La buona scuola per il Paese

La consultazione che il governo Renzi ha lanciato in questi giorni (https://labuonascuola.gov.it/) richiama ancora una volta l'attenzione del Paese su un settore strategico del nostro sistema Paese.
Non è la prima volta che si lancia un messaggio a tutti gli italiani su questo tema, in tempi recenti basta ricordare il libro bianco dell'Ulivo "la scuola che vogliamo" del 1995 propedeutico alla stagione di riforme introdotte poi dal Ministro Berlinguer e le molto più sintetiche tre "i" di Silvio Berlusconi (Internet, Inglese, Impresa).
Per chi segue la politica scolastica come il sottoscritto non può che far piacere che periodicamente il leader della politica nazionale si interessi di scuola, tanto più che i problemi posti sul tavolo sono spesso ricorrenti e dimostrano come i processi di riforma necessitino di tempi lunghi di attuazione.
Non è poi vero che tali riflessioni risultino solo abili mosse propagandistiche e si esauriscano con una semplice mozione di intenti: dal progetto dell'Ulivo nacque la scuola dell'autonomia, di fatto la più rilevante e radicale delle riforme della pubblica istruzione nei tempi recenti e dalle tre i di Berlusconi un intervento ben più complesso e profondo di riforma del ciclo di base dell'istruzione (la cosiddetta riforma Moratti, che ha portato al monteore annuale, all'inglese obbligatorio e alla riforma, poi definitivamente attuata da Profumo, dei programmi di insegnamento, oggi indicazioni nazionali)
Occorre dunque non sottovalutare questi passaggi, propedeutici sempre a un intervento reale nel sistema.
Nel documento "La buona scuola", che curiosamente riprende il titolo di una recente riflessione congressuale della Cisl scuola, si registra soprattutto un cambio di impostazione rispetto ai recenti interventi riformatori in materia: se con l'Ulivo l'attenzione era posta sull'architettura e la gestione del sistema scolastico e con i governi Berlusconi si poneva l ‘accento sulla natura di servizio ai cittadini della scuola, Renzi e il Ministro Giannini dedicano la gran parte del documento (più della metà) al tema degli insegnanti.
Si tratta di una prospettiva molto importante: la scuola si regge, al di là delle recenti innovazioni tecnologiche e della moltiplicazione delle fonti di informazione e formazione per i giovani di oggi, soprattutto sul lavoro degli insegnanti e una buona scuola, in ogni Paese, è fatta da buoni docenti.
Del resto se il bilancio del Ministero dell'Istruzione è assorbito per nove decimi dai costi del personale non è sbagliato concentrarsi su quest'ultimo per un intervento di riforma.

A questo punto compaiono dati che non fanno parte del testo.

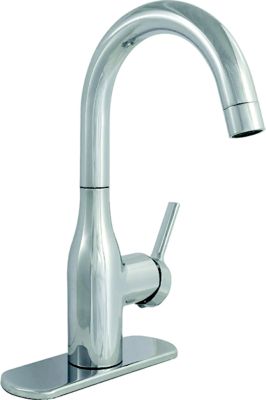 Valterra PF231310 8" Premium Power Boost Pull Down Kitchen Faucet Brushed Nickel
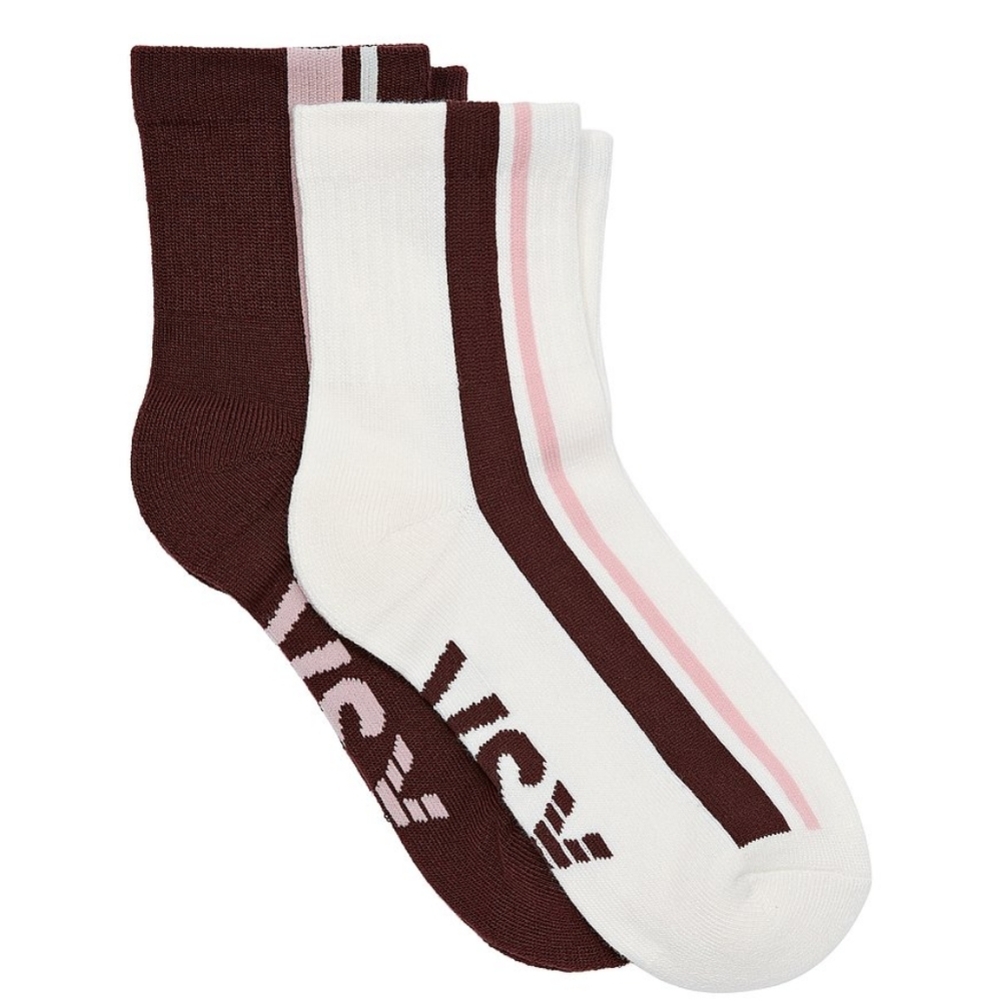 VSX PINK 2-PACK QUARTER SOCKS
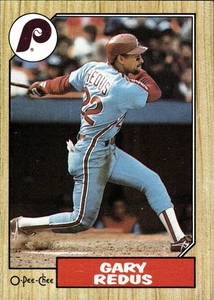 1987 O-Pee-Chee Gary Redus - Bild 1 von 2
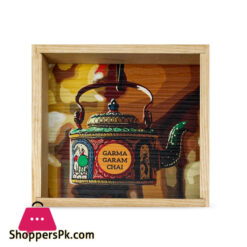 Garam Chai Kettle Art Tray 6 X 6 Inch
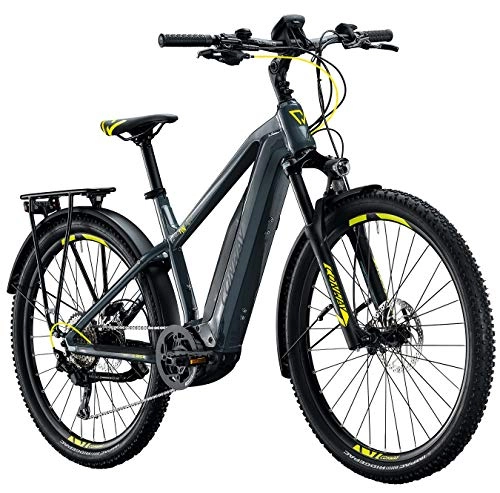 Mountain bike elettriches : Conway Cairon C 427 eBike MTB, Mountain Bike Antracite modello 2020 (L 49 cm)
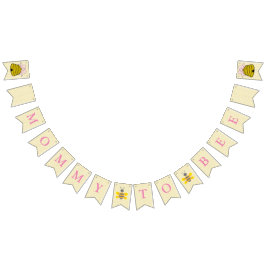 Bandeirinha Banner mamãe a Sinalizador de Chá de fraldas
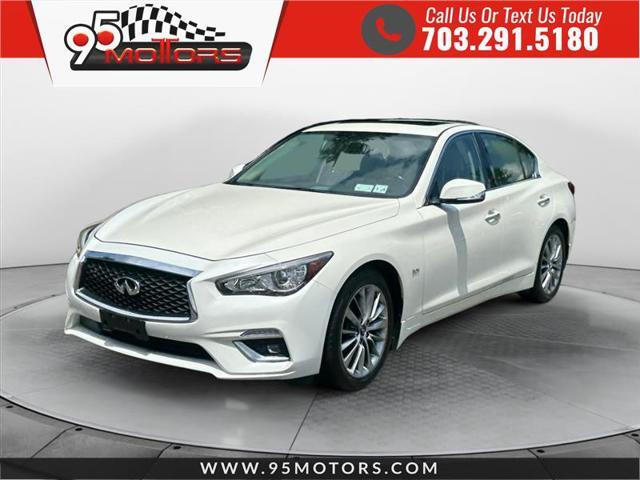 used 2019 INFINITI Q50 car, priced at $17,499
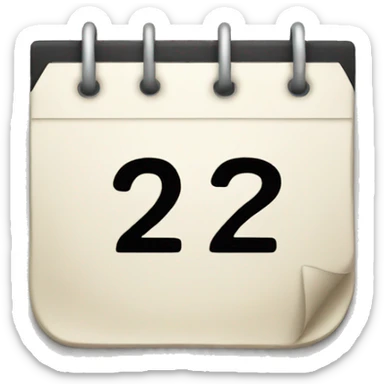 calendar date 22 of november sticker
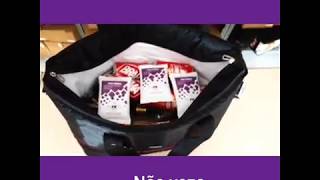 Bolsa Térmica Grande para Viagens Praia e Férias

Ciò comporta tuttavia due importanti premesse: la disponibiltà a reperire risorse e la consapevolezza di affrontare un tema che coinvolge un numero molto alto di persone e quindi potrebbe comportare pesanti conseguenze anche in termini di consenso.

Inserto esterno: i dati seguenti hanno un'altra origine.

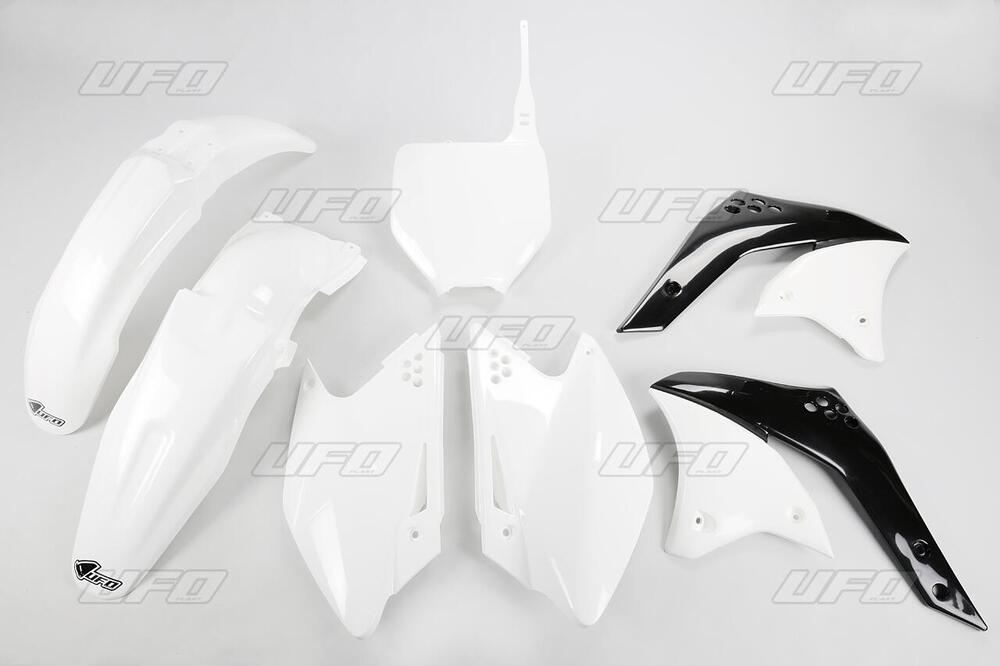Kit plastiche moto UFO Kawasaki KXF 250 2008 Bianc 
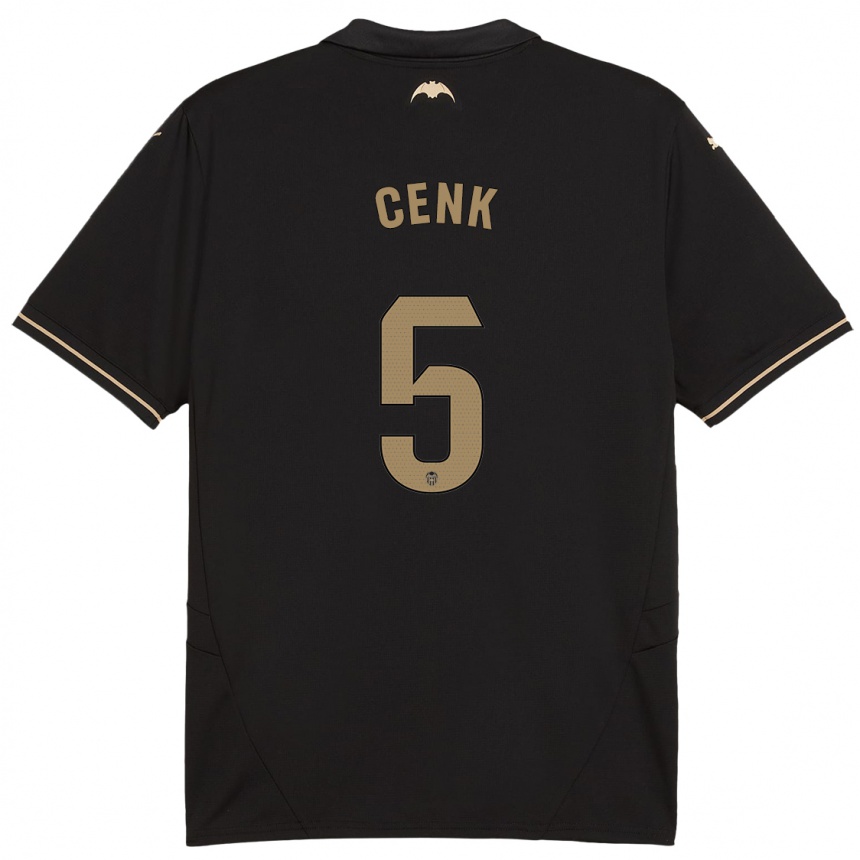 Kids Football Cenk Ozkacar #5 Black Away Jersey 2024/25 T-Shirt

Quando parliamo di insegnanti parliamo dei docenti attualmente in servizio (circa 800.000 di persone) degli aspiranti tali (i cosiddetti precari e chi frequenta o ha frequentato i corsi di preparazione all'insegnamento, il tfa, circa 300.000 persone complessivamente) e infine tutti i giovani che in qualche modo mettono l'insegnamento tra le proprie prospettive di lavoro
A tutte queste categorie La Buona scuola rivolge una proposta: per i primi l'ipotesi di una carriera dei docenti di ruolo non più legata alla sola anzianità, ai secondi la stabilizzazione degli attuali supplenti annuali e l'indizione di concorsi biennali per il ruolo e agli ultimi un sistema di formazione all'insegnamento più certo negli esiti attraverso le apposite lauree magistrali. Si tratta di un disegno finalmente organico ma non certamente a costo zero e se il documento, con grande precisione, individua modalità di finanziamento e anche possibili risparmi a regime, va considerato come la spesa per il personale scolastico risulti sempre una voce critica della programmazione economica dello Stato e che solo nello scorso anno, dopo più di venti anni di provvedimenti volti a contenere questa spesa, con il Ministro Carrozza sono stati investite alcune centinaia di milioni di euro per la formazione in servizio dei docenti, primo, piccolo ma significativo segnale di inversione di tendenza in materia.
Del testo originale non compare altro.